FOLHA - Ele parecia realmente inclinado a não filmar mais?
WIERZBICKI -
A palavra de alguém, para Kieslowski, era algo muito importante. Ele não aceitava, por exemplo, que tantos artistas poloneses dissessem uma coisa entre amigos e outra muito diferente, em público, para ficar bem com as autoridades. Sinto que ele criou uma armadilha para si mesmo: dizer que não iria mais filmar significava, para ele, que não haveria possibilidade de voltar atrás.

FOLHA - A busca de personagens para os documentários equivalia à seleção de atores para um filme de ficção?
WIERZBICKI -
Às vezes, ele me dizia sobre um determinado ator de cinema: "Não gosto dele.

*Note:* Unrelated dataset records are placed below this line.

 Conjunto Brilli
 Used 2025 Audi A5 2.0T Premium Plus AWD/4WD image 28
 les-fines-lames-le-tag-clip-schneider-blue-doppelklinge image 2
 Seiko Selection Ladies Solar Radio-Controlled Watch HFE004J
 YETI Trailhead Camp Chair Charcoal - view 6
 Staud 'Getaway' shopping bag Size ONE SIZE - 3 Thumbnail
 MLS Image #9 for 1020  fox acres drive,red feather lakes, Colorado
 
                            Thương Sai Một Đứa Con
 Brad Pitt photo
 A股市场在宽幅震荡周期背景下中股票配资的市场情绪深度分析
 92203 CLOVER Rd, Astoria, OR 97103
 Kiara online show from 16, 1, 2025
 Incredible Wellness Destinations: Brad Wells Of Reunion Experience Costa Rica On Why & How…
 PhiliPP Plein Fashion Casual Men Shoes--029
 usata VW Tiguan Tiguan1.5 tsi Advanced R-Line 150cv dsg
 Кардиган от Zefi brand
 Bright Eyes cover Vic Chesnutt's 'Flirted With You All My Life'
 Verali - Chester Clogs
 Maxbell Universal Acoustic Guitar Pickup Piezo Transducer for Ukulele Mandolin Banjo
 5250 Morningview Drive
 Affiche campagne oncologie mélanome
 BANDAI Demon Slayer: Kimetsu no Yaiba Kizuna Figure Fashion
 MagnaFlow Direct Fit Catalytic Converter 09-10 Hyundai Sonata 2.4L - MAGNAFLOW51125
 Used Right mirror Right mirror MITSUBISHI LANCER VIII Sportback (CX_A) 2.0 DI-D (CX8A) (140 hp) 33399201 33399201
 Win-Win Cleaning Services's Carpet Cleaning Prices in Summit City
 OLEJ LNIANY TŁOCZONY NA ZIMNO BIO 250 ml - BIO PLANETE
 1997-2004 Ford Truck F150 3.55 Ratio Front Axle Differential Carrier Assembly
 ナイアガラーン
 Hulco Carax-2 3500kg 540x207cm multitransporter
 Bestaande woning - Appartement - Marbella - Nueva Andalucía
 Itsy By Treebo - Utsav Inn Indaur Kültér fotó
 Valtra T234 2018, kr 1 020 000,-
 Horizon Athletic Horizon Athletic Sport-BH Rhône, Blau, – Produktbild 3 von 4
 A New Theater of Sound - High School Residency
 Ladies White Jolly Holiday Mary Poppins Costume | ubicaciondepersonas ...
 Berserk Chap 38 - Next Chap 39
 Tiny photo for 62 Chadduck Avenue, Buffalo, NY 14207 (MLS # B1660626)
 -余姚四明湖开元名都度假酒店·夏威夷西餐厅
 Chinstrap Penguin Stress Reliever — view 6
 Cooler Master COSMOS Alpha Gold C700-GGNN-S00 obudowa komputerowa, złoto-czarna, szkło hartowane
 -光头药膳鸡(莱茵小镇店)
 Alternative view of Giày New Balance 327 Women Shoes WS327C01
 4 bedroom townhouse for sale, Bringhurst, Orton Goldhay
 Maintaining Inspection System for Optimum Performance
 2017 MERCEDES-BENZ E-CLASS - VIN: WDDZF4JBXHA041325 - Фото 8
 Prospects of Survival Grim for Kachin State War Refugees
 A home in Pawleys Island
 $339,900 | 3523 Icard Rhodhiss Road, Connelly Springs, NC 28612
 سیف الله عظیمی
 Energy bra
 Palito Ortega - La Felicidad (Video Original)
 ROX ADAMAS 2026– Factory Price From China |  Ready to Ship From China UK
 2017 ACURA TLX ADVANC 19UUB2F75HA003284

Ele mente". O princípio era o mesmo. Selecionávamos personagens que estivessem dispostos a se expor e fazíamos entrevistas, testes. Kieslowski se preocupava em notar, nessas ocasiões, se eles pareciam autênticos, verdadeiros. Sentia que o filme não funcionaria com muitos deles porque o espectador pensaria que estariam mentindo.

FOLHA - E o uso extraordinário da câmera?
WIERZBICKI -
Para Kieslowski, a câmera tinha vida. Sério, ele conversava com ela. "Oi, querida câmera, o que você está vendo?". Era assim. Nos primeiros contatos com os personagens, ele a apresentava como se fosse alguém da equipe. "Câmera, este é Fulano. Fulano, esta é a câmera." A câmera nos seus filmes é sempre o olhar do próprio Kieslowski.